What were the Court’s Observations? 

  • The right of a Karta to sell joint family property is well established in law, and a Karta enjoys wide discretion regarding the existence of legal necessity and the way such necessity may be fulfilled. 
  • Marriage expenses of daughters constitute a recognized legal necessity under Hindu law, and families commonly incur substantial debts to perform marriages which have cascading effects on family finances over subsequent years. 
  • The onus to prove that a sale was made for legal necessity lies upon the alienee or purchaser, but this burden cannot extend to proving facts within the special knowledge of coparceners under Section 106 of the Indian Evidence Act, 1872. 
  • The purchaser successfully discharged his burden by establishing a clear nexus between the sale transaction and marriage expenses through cross-examination and documentary evidence, including money receipts signed by family members. 
  • The plaintiff's delay of five years in challenging the sale transaction raised serious doubts about his bona fides, particularly when mutation certificates and land records clearly established the purchaser's possession. 
  • The mere fact that all coparceners did not receive the sale consideration cannot be grounds to challenge an alienation by the Karta, as proving non-receipt lies within the special knowledge of coparceners and cannot burden a stranger-purchaser. 
  • The High Court erred in reversing well-reasoned findings of the Trial Court without proper appreciation of evidence, particularly regarding the cascading financial effects of marriage expenses. 
  • The fact that a marriage took place prior to the property sale does not invalidate the transaction if the sale was intended to meet debts incurred for the marriage, contrary to the High Court's flawed reasoning. 

What are the Legal Provisions Referred to ? 

Section 109 of BSA: 

  • Section 109 of Bharatiya Sakshya Adhiniyam, 2023 (BSA) : Burden of Proving Fact Especially Within Knowledge. 
  • Previously it was covered under 106 of Evidence Act.  
  • Basic Principle: When any fact is especially within the knowledge of any person, the burden of proving that fact shifts to that person, not the opposing party. 
  • Rationale: This section prevents unfair advantage where one party has exclusive or special access to information that others cannot reasonably obtain or know. 
  • Application Test: The fact must be "especially" within knowledge - meaning it's not general knowledge but specific information only that person would possess or have easy access to. 
  • Criminal Law Application: In criminal cases, if certain facts about the accused's actions, mental state, or circumstances are only known to the accused, they must prove those facts (e.g., self-defense claims, alibi). 
  • Civil Law Application: In civil matters, parties with special professional knowledge, access to records, or exclusive information about events must prove facts within their special domain. 
  • Judicial Interpretation: Courts apply this section reasonably and don't impose impossible burdens - the person must only prove facts they can reasonably be expected to know. 
  • Limitation: This provision is an exception to the general rule "he who asserts must prove" and should be applied judiciously to ensure fairness in proceedings. 

Case Laws 

  • Sri Narayan Bal v.

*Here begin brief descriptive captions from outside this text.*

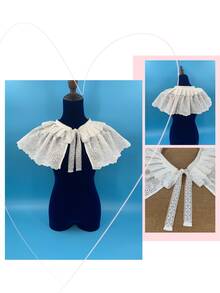 女士鉤花網空中披肩,夏季薄款穿搭襯衫、背心外套配件,假領領口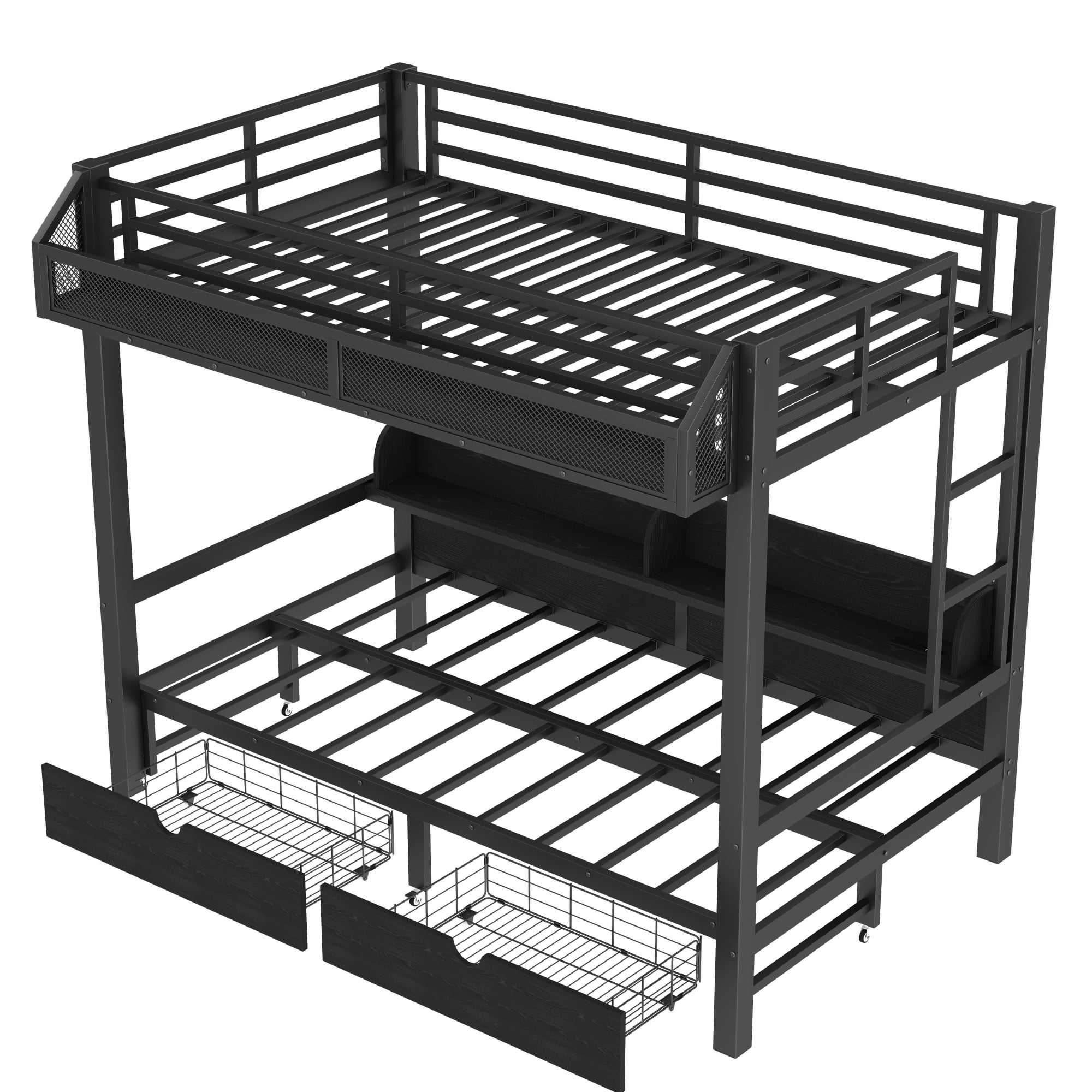 Twin XL over Twin XL Metal Bunk Bed with Storage Shelves and 2 Drawers, Multifunctional Bunk Bed Frame with USB Ports and LED Lights, Lower Bed that can be converted into a sofa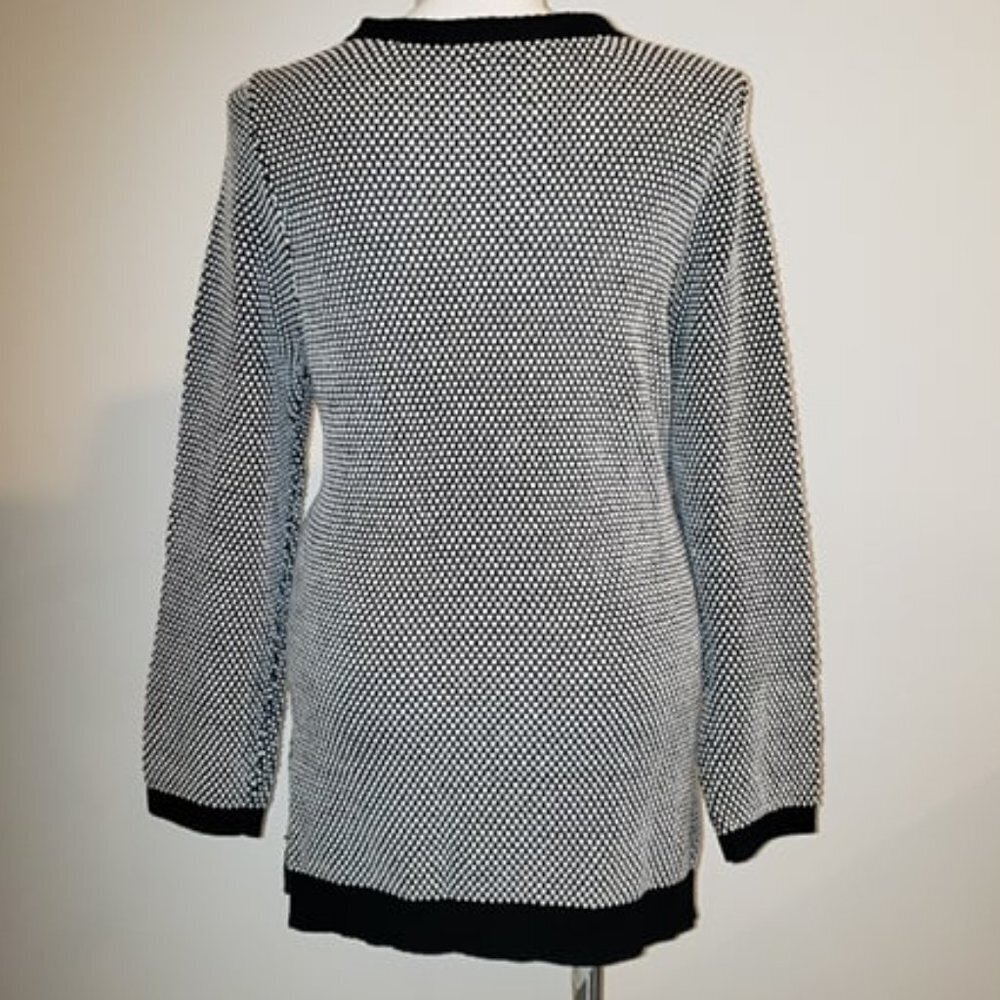 Charter Club Tunic Sweater - Black and White Textured Dots - Picture 4 of 8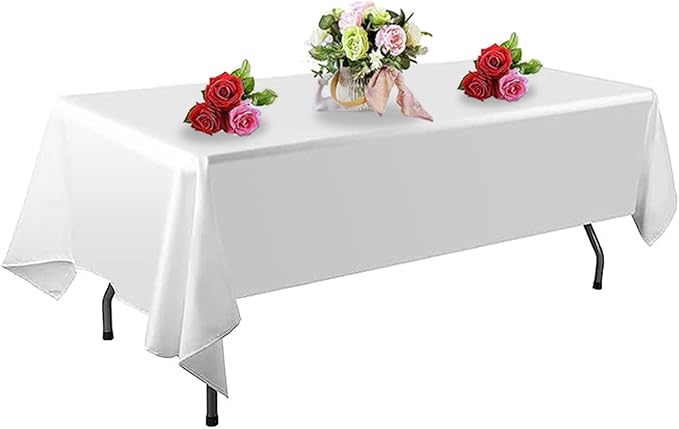1 Pack White Table Cloth Rectangle Table 60 x 102 Inch Tablecloths for 6 Foot Rectangle Tables. Stain and Winkle Resistant Polyester Washable TableCloths for Parties Wedding Dining
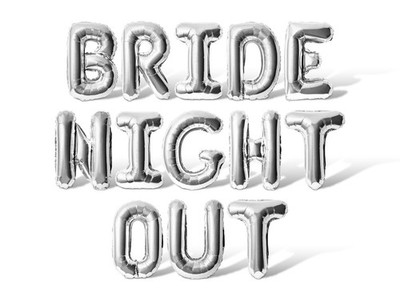 BRIDE NIGHT OUT Letter Balloon Banner - DIY Hen, Bachelorette Party Decorations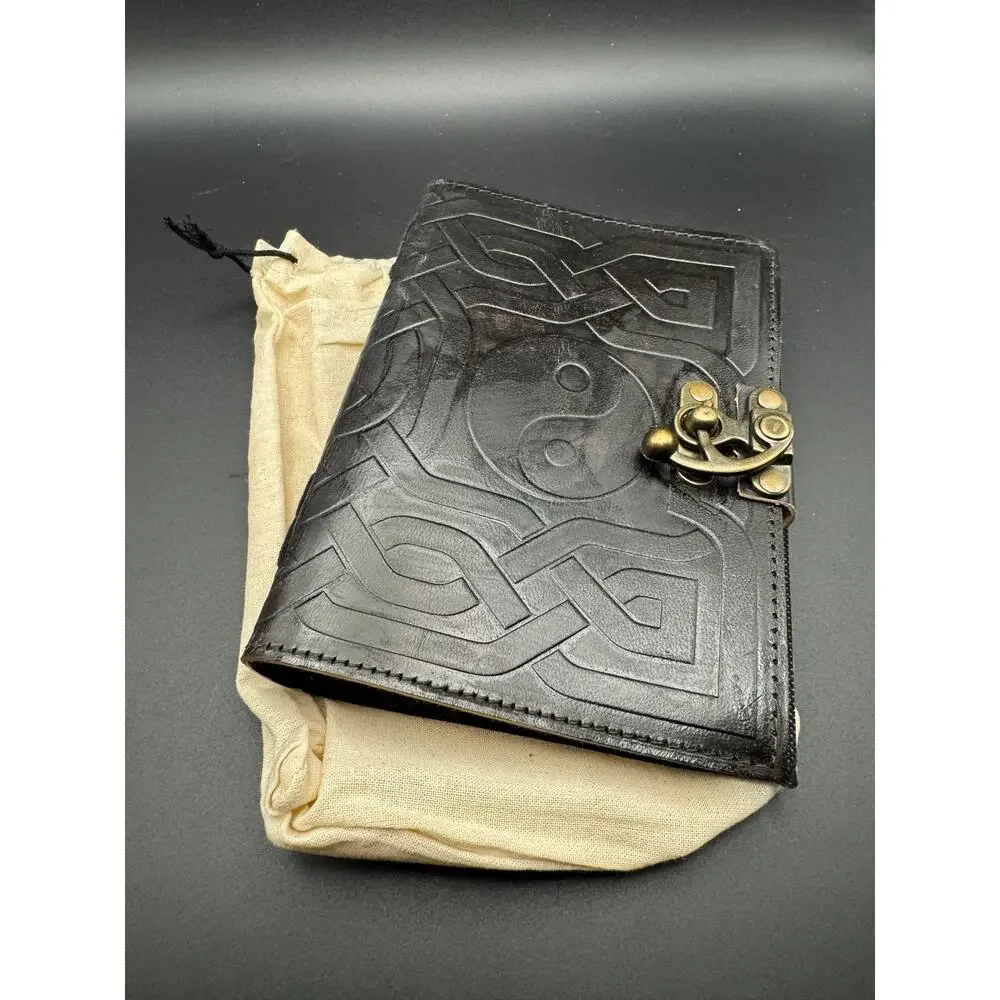 Hideghar Vintage Handmade embossed Leather Journal notebook cover Antique design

Sridhar Sutar (1996): Established that a joint Hindu family is capable of acting through its Karta or adult member in management of joint Hindu family property, and coparceners cannot seek injunction against Karta restraining him from dealing with joint family property. 
  • Beereddy Dasaratharami Reddy vs. V. Manjunath & Anr. (2021): Held that where a Karta has alienated joint Hindu family property for value either for legal necessity or benefit of the estate, it binds the interest of all undivided members even when they are minors or widows. 
  • Kehar Singh v. Nachittar Kaur (2018): Clarified that once the factum of existence of legal necessity is proved, no co-coparcener has a right to challenge the sale made by the Karta of his family, and the existence of legal necessity depends upon facts of each case. 
  • Rani v. Santa Bala Debnath (1970): Established the principle that the onus to prove that a sale made by the Karta on behalf of other coparceners of Hindu Undivided Family for legal necessity lies on the alienee or purchaser.